Following Russia's annexation of Crimea in 2014, Crimean Tatars faced a fundamental choice: leave or stay. This lecture examines how that choice produced two distinct forms of resistance operating under radically different conditions. On mainland Ukraine, displaced Crimean Tatars strategically embraced Ukrainian national identity — securing genocide recognition for the 1944 deportation and Indigenous status in 2021 — making their cause legible to the Ukrainian state and international audiences. In occupied Crimea, where pro-Ukrainian expression invites criminal charges, resistance operates within a cultural realm that seeks to protect Crimean Tatar cultural identity against Russian narratives of extremism. This lecture argues that misreading these activities as collaboration or passivity has damaged solidarity between the two communities, and calls for a more expansive understanding of resistance under occupation.

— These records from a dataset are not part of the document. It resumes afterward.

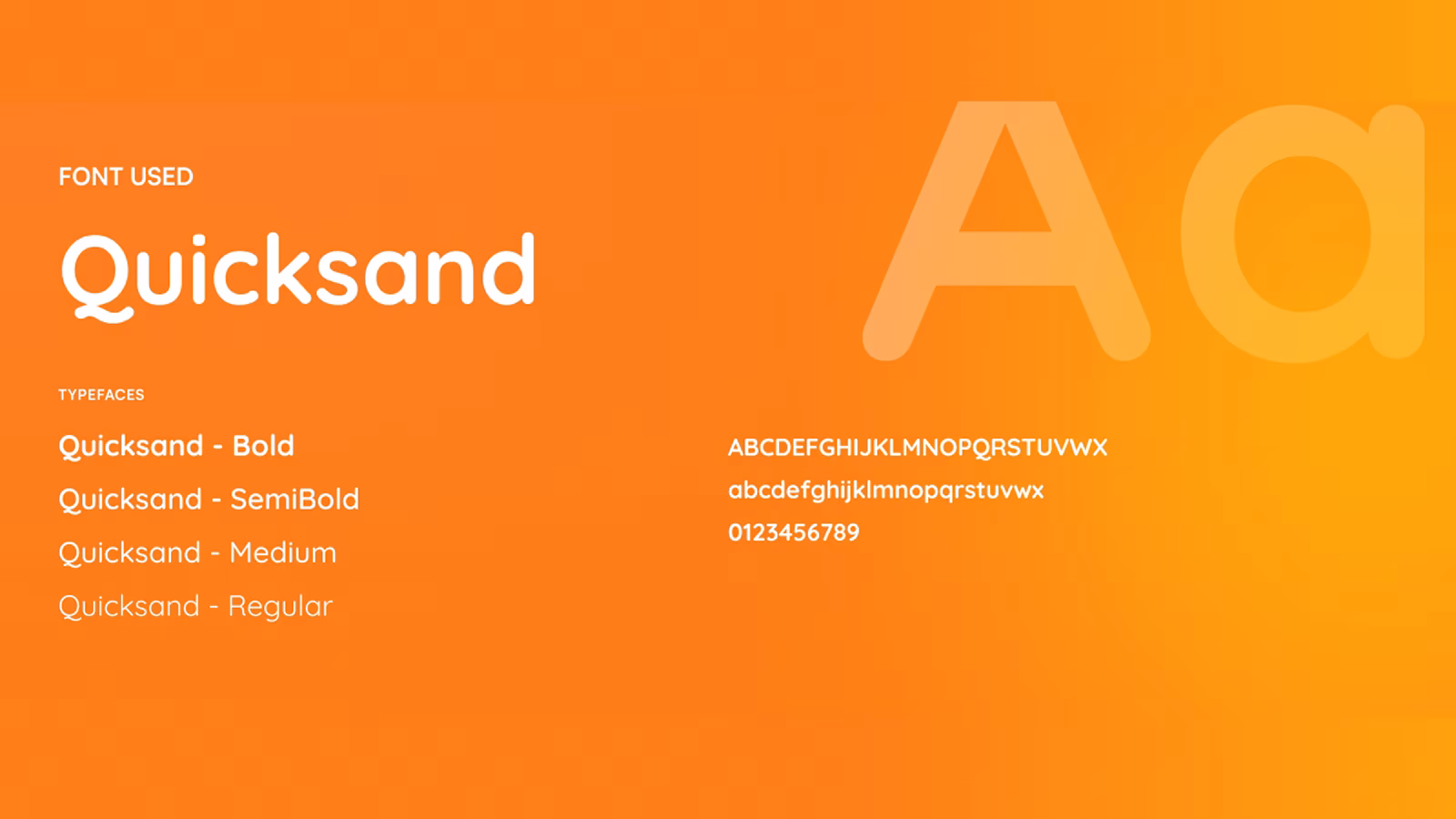Vendmat branding and style guide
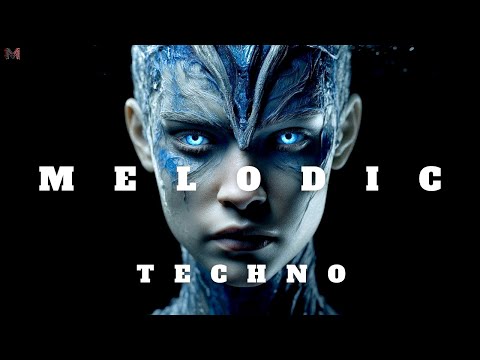 Melodic Techno & Progressive House Mix 2025 | Morphine – Session #004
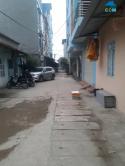 . Bán nhà 2 tầng cực đẹp tại làng Cam Cổ Bi Gia Lâm LH 01664956529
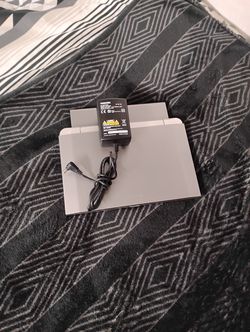 Toshiba portable DVD player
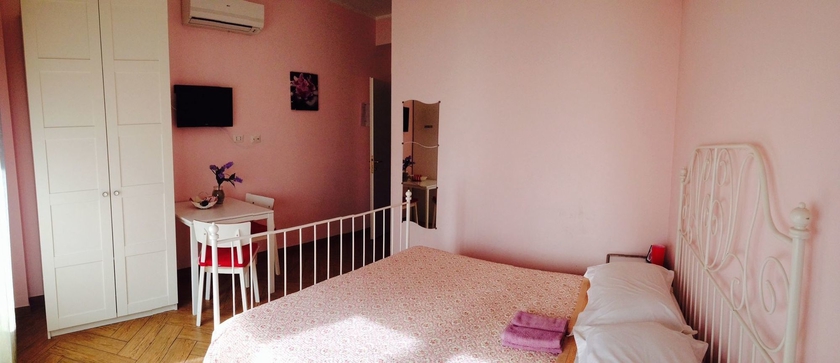 Imagen de la habitación del Casa Celeste. Foto 4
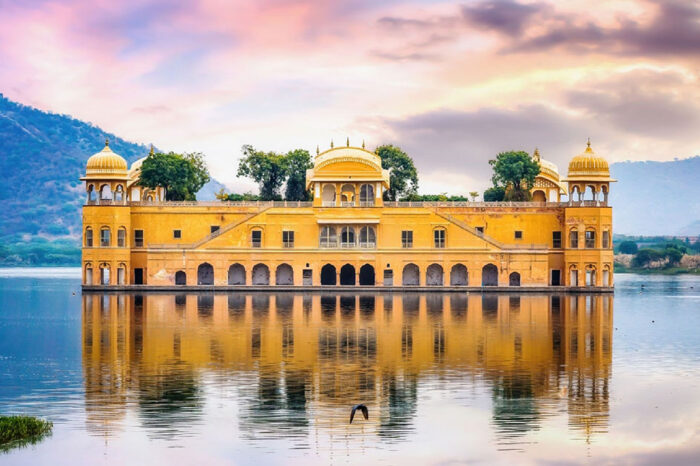 Jaipur – Amritsar – Kasi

Mariia Shynkarenko is a political scientist specializing in resistance, nationalism, and identity. She received her PhD from the New School for Social Research in New York in 2023. She previously worked as a Research Associate and Research Director in Ukraine in European Dialogue program at the Institute for Human Sciences (IWM) in Vienna. Currently she is an Assistant Professor and Principal Investigator at the Institute of Political Studies, Polish Academy of Sciences. She is also a co-founder and board member of the Institute for Documentation and Exchange (INDEX) in Lviv. Her book Identity as Weapon: Crimean Tatars and their Quest for Indigenous Self-Determination is forthcoming with the University of Toronto Press in Fall 2026.